L’obbligo di indicare l’origine dei prodotti sull’etichetta è un passo fondamentale per il contrasto alle agromafie, sostiene il presidente nazionale della Coldiretti, Roberto Moncalvo, per il quale: «assistiamo ad un nuovo fenomeno di importazione selvaggia di materie prime di bassissima qualità, prodotte in Paesi che sfruttano il lavoro e il territorio, diventando poi magicamente prodotti italiani. Accade nella filiera del pomodoro dove solo nel 2016 sono stati importati dalla Cina 91 milioni di chili di concentrato di pomodoro, pari al 20% dell’intera produzione italiana. Per questo ci serve subito l’obbligo di origine del pomodori, di tutti i prodotti dell’ortofrutta e per tutte le filiere, come le carni trasformate».

Secondo Coldiretti l’obbligo di origine di pasta e passata di pomodoro salverebbe un terzo dell’agricoltura pugliese. Ma l’etichettatura da sola non può bastare. Gian Carlo Caselli, presidente del comitato scientifico dell’Osservatorio sulla criminalità nell’agricoltura e sul sistema agroalimentare, ricorda come “al consiglio dei ministri giace un progetto di riforma dei reati agroalimentari, realizzato da una commissione da me presieduta e voluta dal ministro Orlando. Con questa riforma potremmo ampliare le possibilità di intercettazione, di effettuare prelievi e campionamenti a sorpresa e ottenere mezzi di indagine più incisivi”.

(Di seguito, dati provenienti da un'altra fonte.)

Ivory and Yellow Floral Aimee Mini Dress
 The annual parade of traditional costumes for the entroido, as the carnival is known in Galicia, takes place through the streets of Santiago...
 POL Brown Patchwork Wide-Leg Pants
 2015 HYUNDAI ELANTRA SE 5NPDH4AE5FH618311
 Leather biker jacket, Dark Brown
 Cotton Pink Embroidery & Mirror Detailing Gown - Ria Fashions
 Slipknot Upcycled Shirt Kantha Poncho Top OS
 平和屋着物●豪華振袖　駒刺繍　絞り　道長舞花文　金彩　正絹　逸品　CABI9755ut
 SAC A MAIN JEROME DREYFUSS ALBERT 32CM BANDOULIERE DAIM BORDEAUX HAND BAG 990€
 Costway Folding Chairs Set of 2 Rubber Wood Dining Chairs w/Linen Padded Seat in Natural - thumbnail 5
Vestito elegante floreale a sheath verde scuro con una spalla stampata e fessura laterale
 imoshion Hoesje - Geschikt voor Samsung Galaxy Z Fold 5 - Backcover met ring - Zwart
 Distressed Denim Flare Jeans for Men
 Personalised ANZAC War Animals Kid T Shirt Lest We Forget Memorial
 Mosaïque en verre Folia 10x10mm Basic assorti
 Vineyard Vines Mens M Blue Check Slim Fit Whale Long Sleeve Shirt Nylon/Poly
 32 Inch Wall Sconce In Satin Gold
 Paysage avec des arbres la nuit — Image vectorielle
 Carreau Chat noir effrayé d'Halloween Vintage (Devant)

Tra le novità inserite nel disegno di legge, quella che preme di più ai coltivatori è l’introduzione del reato di agropirateria con il quale potrebbero essere perseguite contraffazioni e frodi in campo agroalimentare.

Senza dimenticare il problema della eccessiva burocrazia e farraginosità delle leggi, denunciate dal presidente regionale della Coldiretti, Giovanni Cantele per il quale “dobbiamo fare in modo che le norme vengano applicate ma che non siano un fardello insostenibile per le imprese. Leggi di non facile applicazione sono un fardello troppo pesante sulle spalle degli imprenditori” spiega Cantele.

La Regione Puglia, dal canto suo, cerca di tutelare al meglio le produzioni agricole locali, “siamo una delle poche regioni in Italia ad avere un nostro sistema di certificazione. Abbiamo l’esigenza di difenderci dalle frodi alimentari, in quanto adulterazioni dei prodotti e dall’utilizzo improprio delle certificazioni – spiega l’assessore regionale alle risorse agroalimentari, Leonardo Di Gioia – e lo facciamo attraverso l’utilizzo dei disciplinari, il sistema dei controlli, l’utilizzo dei marchi. Con tutta una serie di regole all’interno del nostro Psr che migliora la tracciabilità del prodotto”.

Un capitolo a parte riguarda la lotta al caporalato, tema sul quale è intervenuto il presidente della Regione, Michele Emiliano: “La Puglia ha preso atto della nuova legge, ma si rende conto che le imprese locali non sono ancora pronte per gestire i lavoratori migranti, per questo li stiamo aiutando con investimenti importanti, da milioni di euro, per far dormire e mangiare i lavoratori nelle foresterie. In questo modo tuteliamo non solo la dignità delle persone, ma anche e soprattutto l’agricoltura pugliese che sovente è stata rovinata con immagini di copertina su grandi giornali europei che descrivevano, il pomodoro pugliese come un pomodoro insanguinato dal lavoro illegale delle persone”.